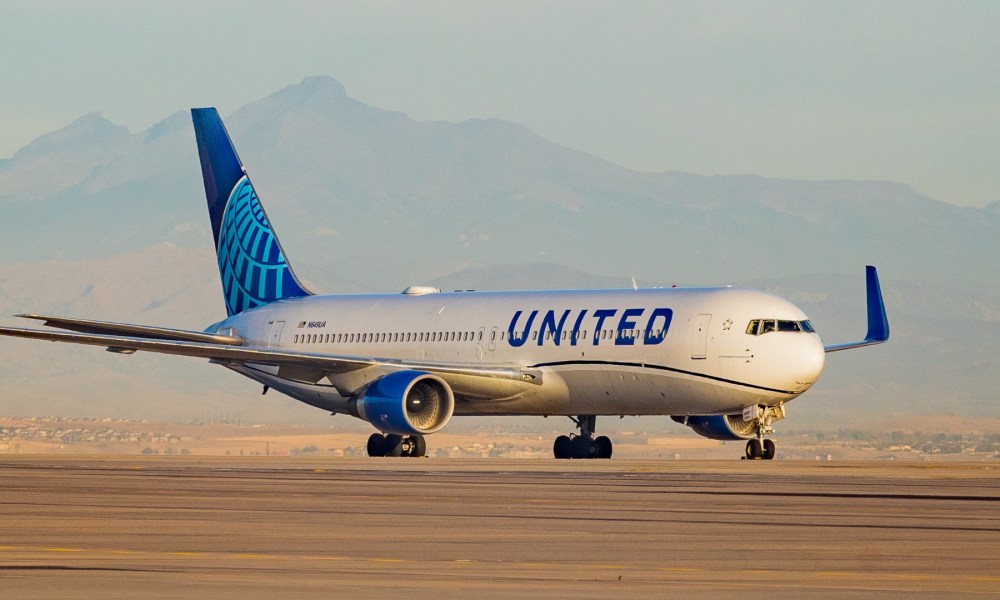 View of a United Airlines commercial plane.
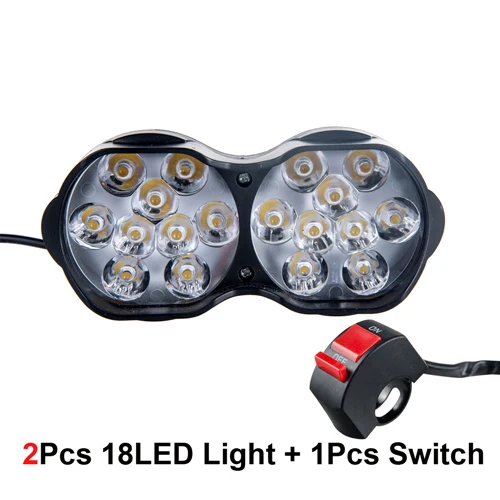 2PCS 9LED x Switch Точечный светильник для мотоцикла, головной светильник для скутера, противотуманный Точечный светильник светодиодный для мотоцикла ATV 12 В 6500 К, белый двигатель, рабочая фара для автомобиля DRL - Цвет: 2PCS 9LED x Switch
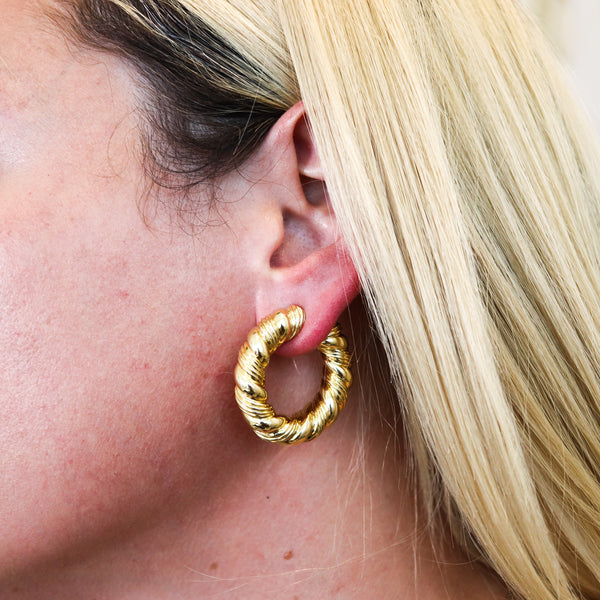 -Van Cleef Arpels 1969 Paris By Andre Vassort Hoops Clips Earrings In 18Kt Gold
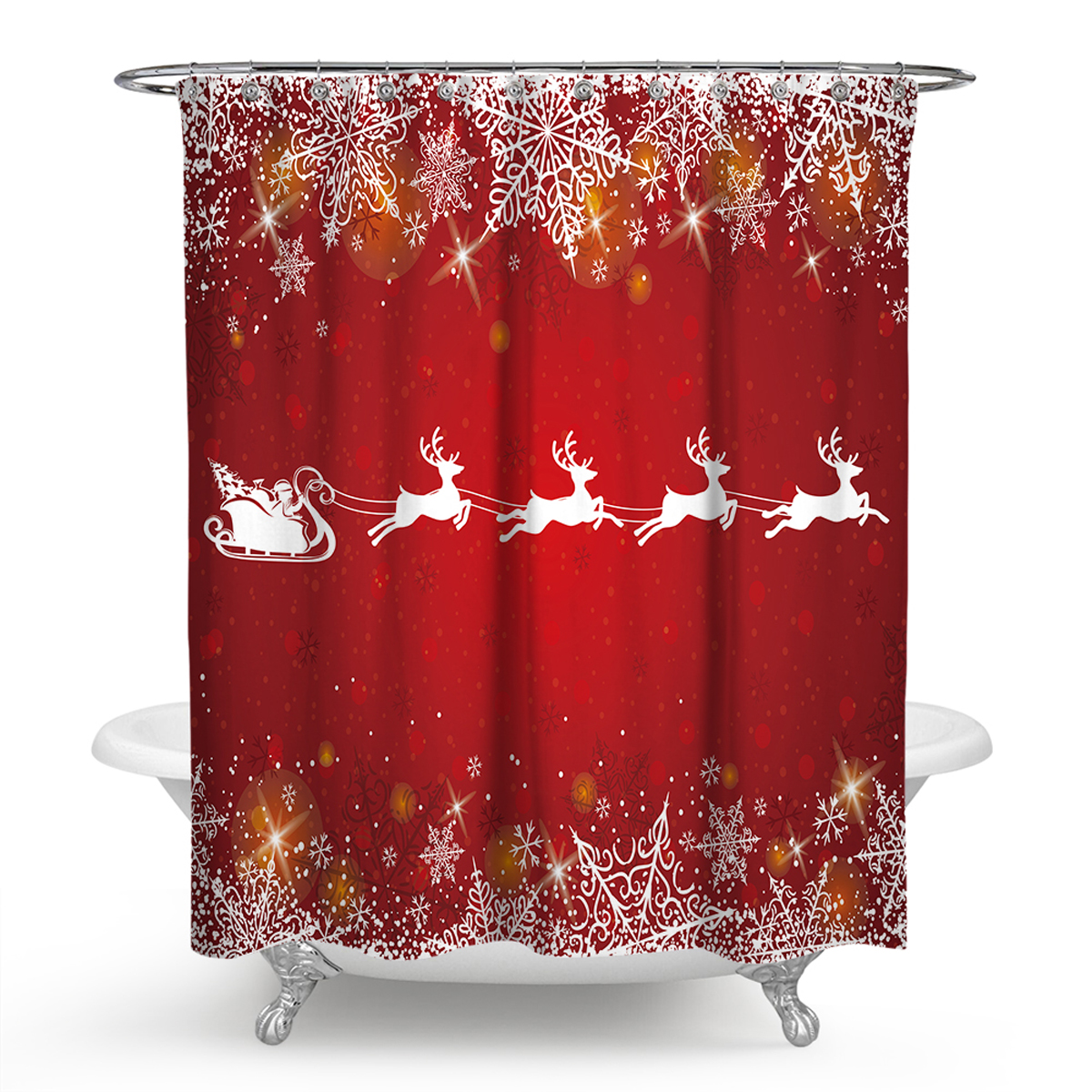 Christmas-Decorations-180x180cm-Shower-Curtain-Mat-Bathroom-Anti-slip-Carpet-Rug-1593351-5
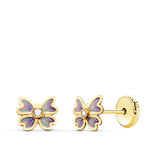 L'ATELIER D'AZUR Boucles d'Oreilles Or 18 Carats 750 Jaune - Zirconiums et émail - Papillons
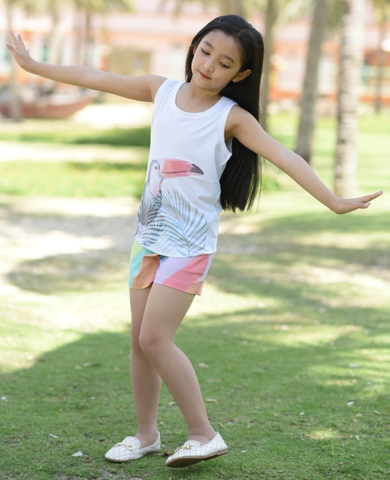 Áo ba lỗ in vẹt 2847 Trắng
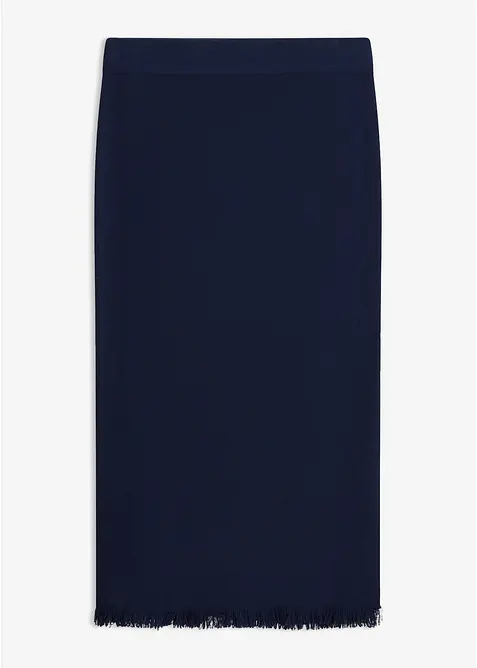 Strikket skj&oslash;rt med frynsekant, bonprix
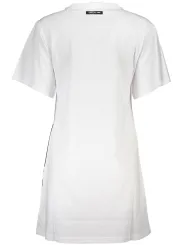 "Cavalli Class Kleider im Sale | Cavalli Class Print Kleid mit Logo und Rundhals - Weiß online kaufen"|Planet-Deluxe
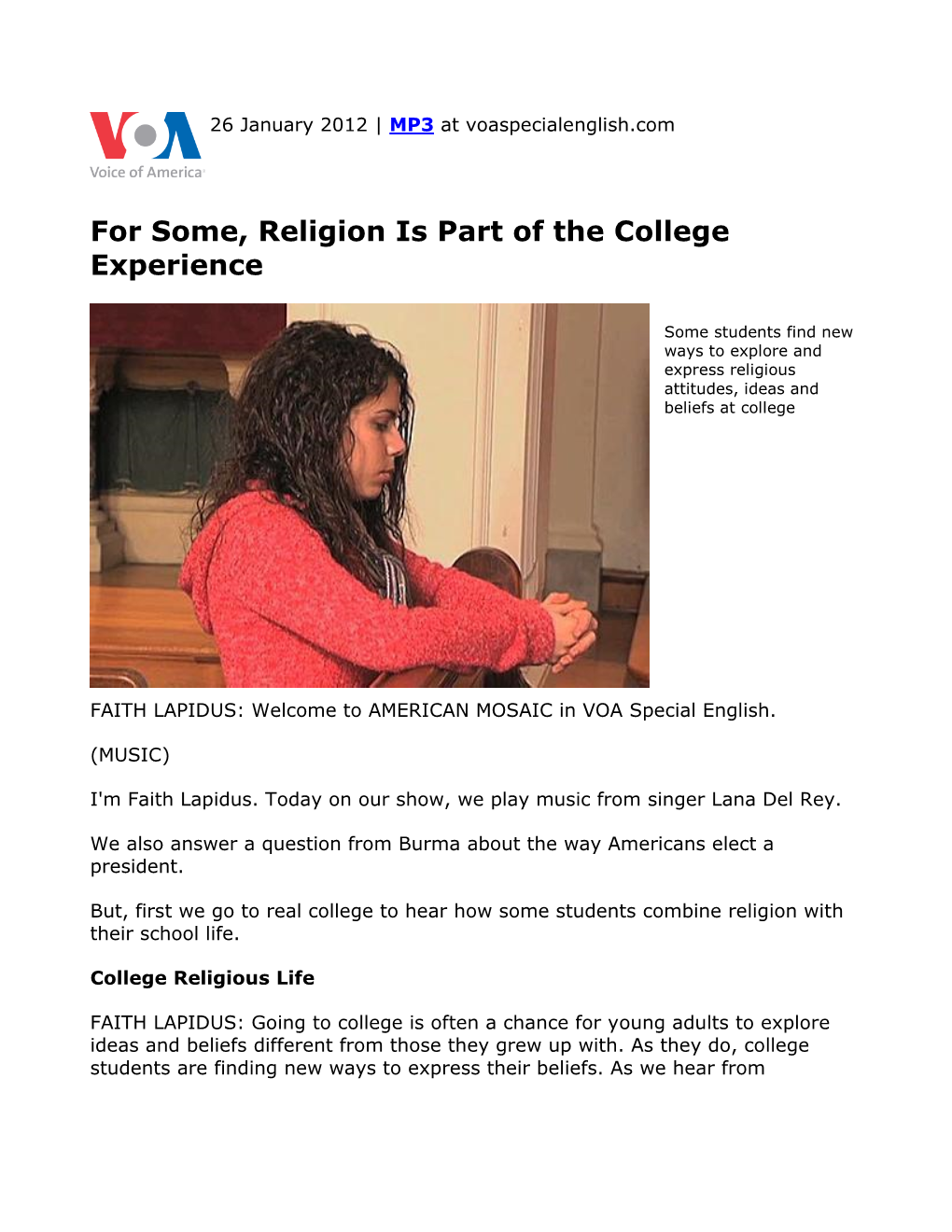 For Some, Religion Is Part of the College Experience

────────

### DESCRIPTION OF THE TASK
Print exactly the line containing "Class Kleider im" and every line after it through the final line above, and leave all pictures out.

### SOLUTION TO THE EXERCISE
 "Cavalli Class Kleider im Sale | Cavalli Class Print Kleid mit Logo und Rundhals - Weiß online kaufen"|Planet-Deluxe
 For Some, Religion Is Part of the College Experience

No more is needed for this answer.